→ **Goal of the exercise**
The full set of entries is to be printed exactly, with pictures excluded.

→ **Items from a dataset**
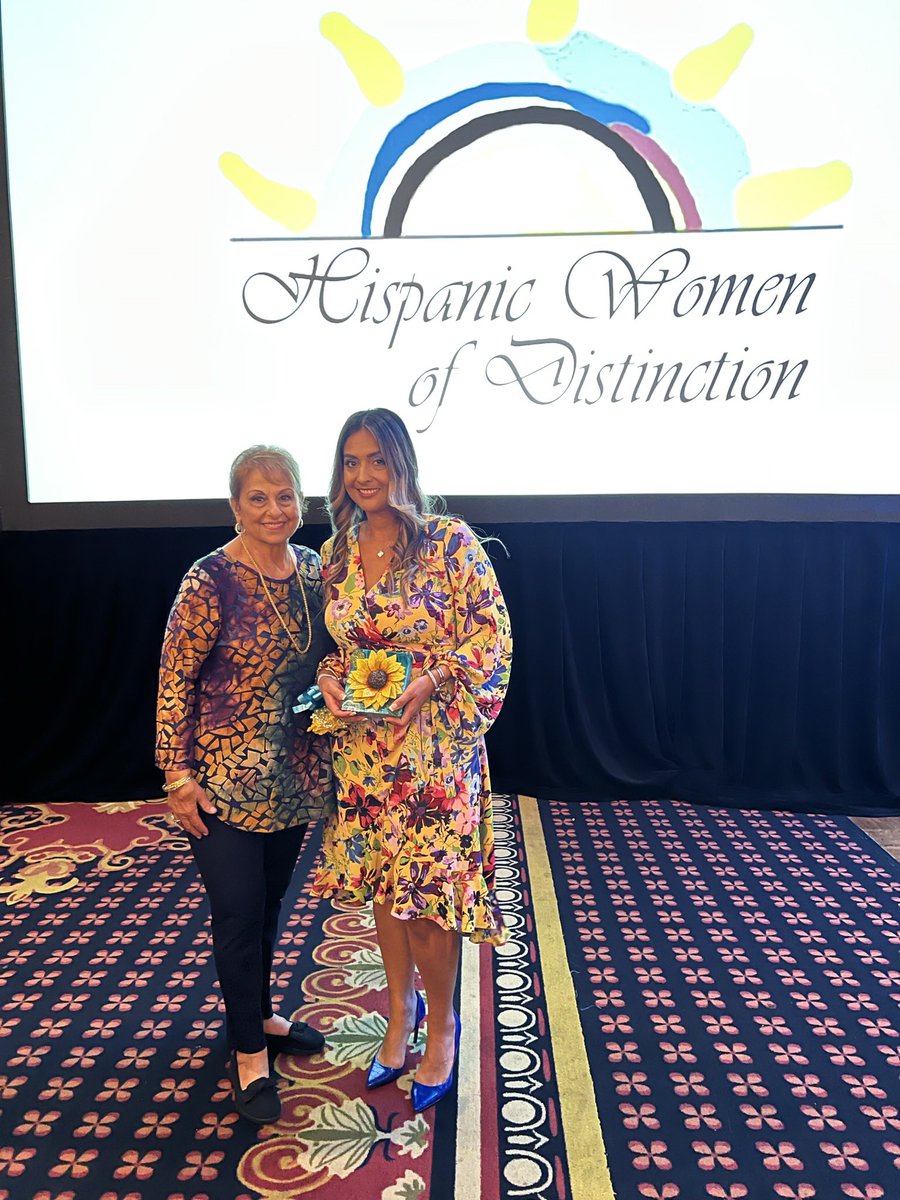 jessyljo's tweet photo. Happy birthday to one of #SoFlos phenomenal Women in Leadership who gives back to the community. May your day be filled with happiness and love, @Elainelovespapi !! Wishing you an abundance of blessings🙏! ❤️Thank you for all that you do! #HappyBirthday 🎉#HWOD https://t.co/t6Er3tXv7g
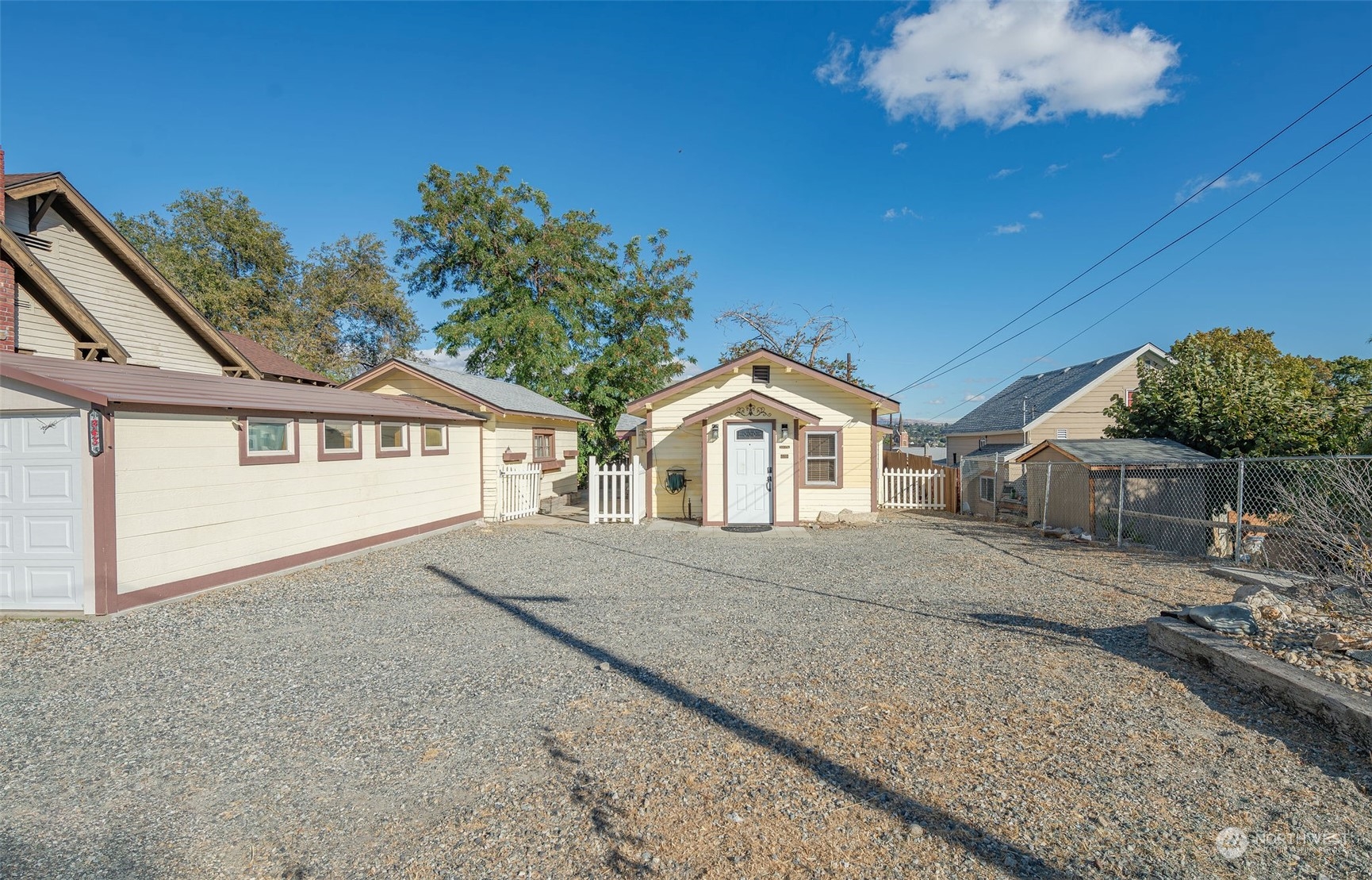 343 Malaga Avenue
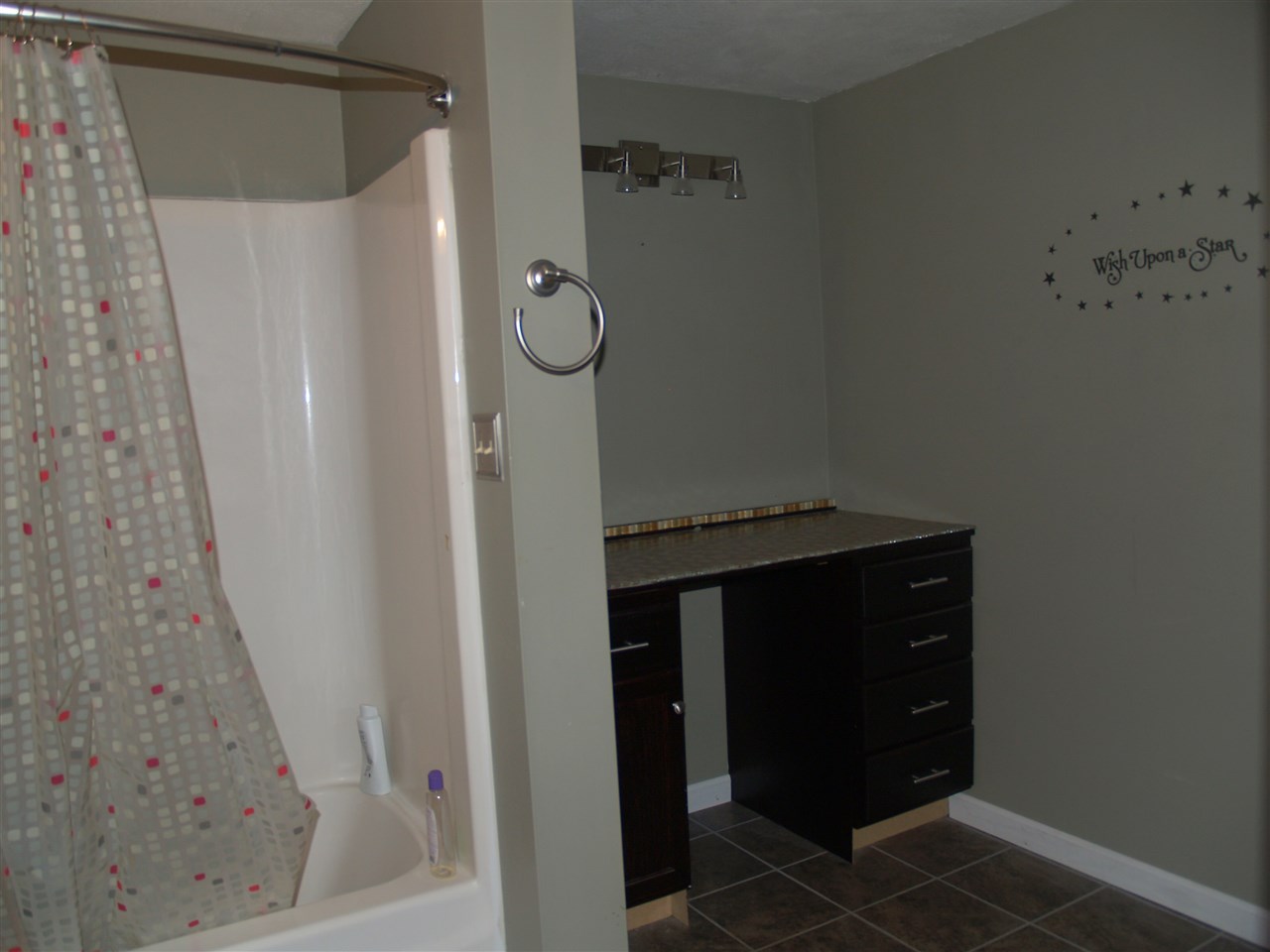 10 Clinton Court, Unit 10 Merrimack, NH 03054 - Photo 17 of 17 Gallery Image 17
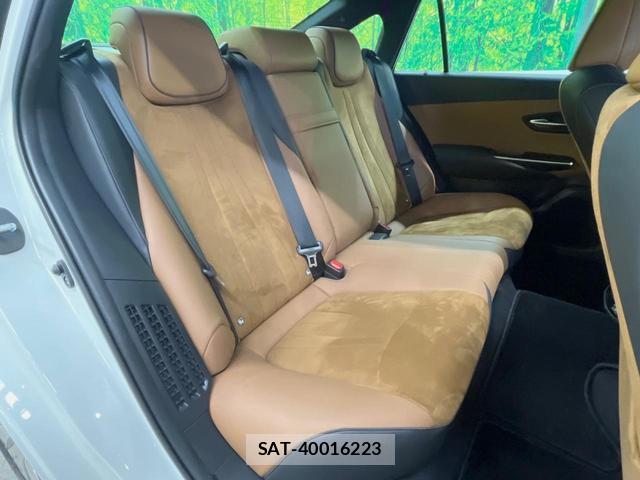 Toyota CROWN HYBRID 2020-01 8812036-8
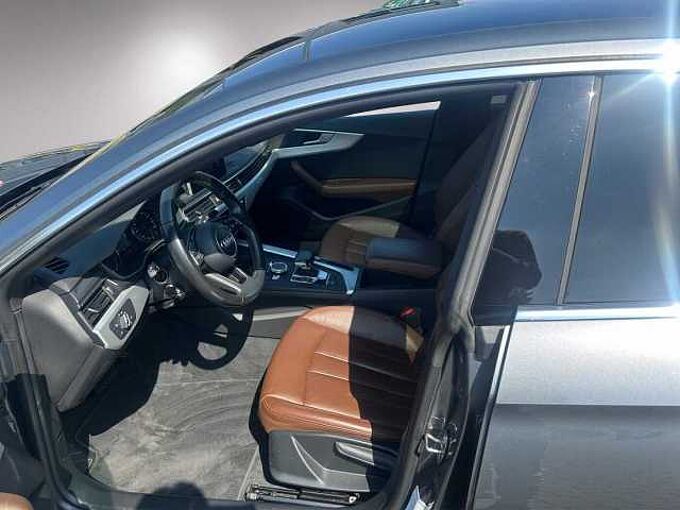 Audi A5 quattro basis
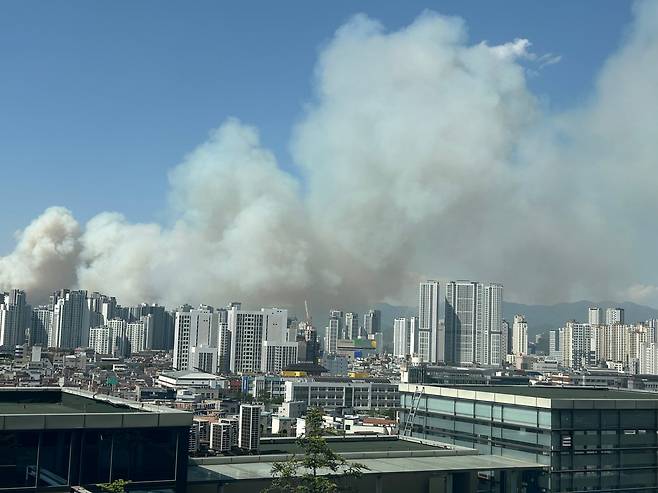 28일 오후 2시 1분쯤 대구 북구 노곡동 함지산에 불이 나 다량의 연기가 도심 곳곳에서 목격되고 있다. 사진은 남구 영남대병원 인근에서 목격된 연기. /뉴스1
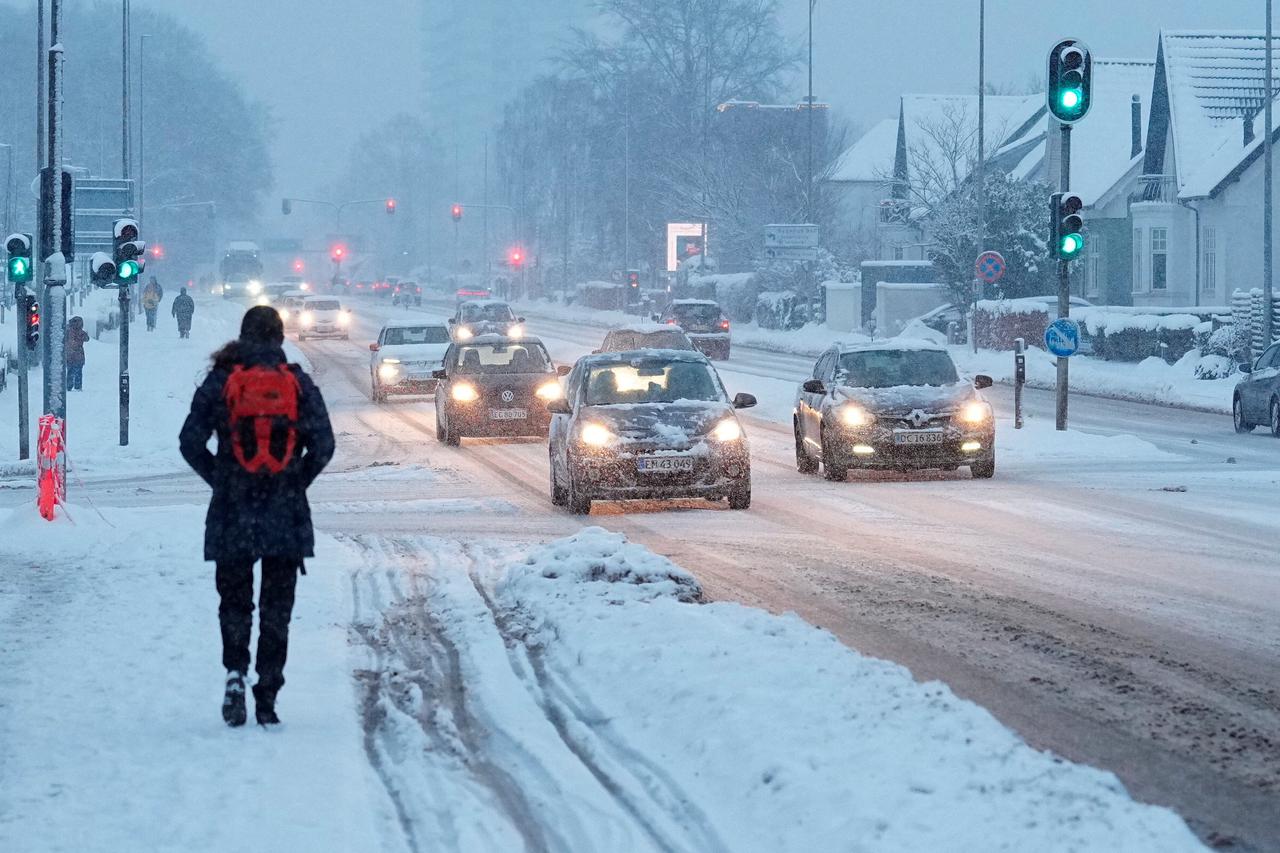 Heavy snowfall hits Aalborg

→ **Response area**
 jessyljo's tweet photo. Happy birthday to one of #SoFlos phenomenal Women in Leadership who gives back to the community. May your day be filled with happiness and love, @Elainelovespapi !! Wishing you an abundance of blessings🙏! ❤️Thank you for all that you do! #HappyBirthday 🎉#HWOD https://t.co/t6Er3tXv7g
 343 Malaga Avenue
 10 Clinton Court, Unit 10 Merrimack, NH 03054 - Photo 17 of 17 Gallery Image 17
 Toyota CROWN HYBRID 2020-01 8812036-8
 Audi A5 quattro basis
 28일 오후 2시 1분쯤 대구 북구 노곡동 함지산에 불이 나 다량의 연기가 도심 곳곳에서 목격되고 있다. 사진은 남구 영남대병원 인근에서 목격된 연기. /뉴스1
 Heavy snowfall hits Aalborg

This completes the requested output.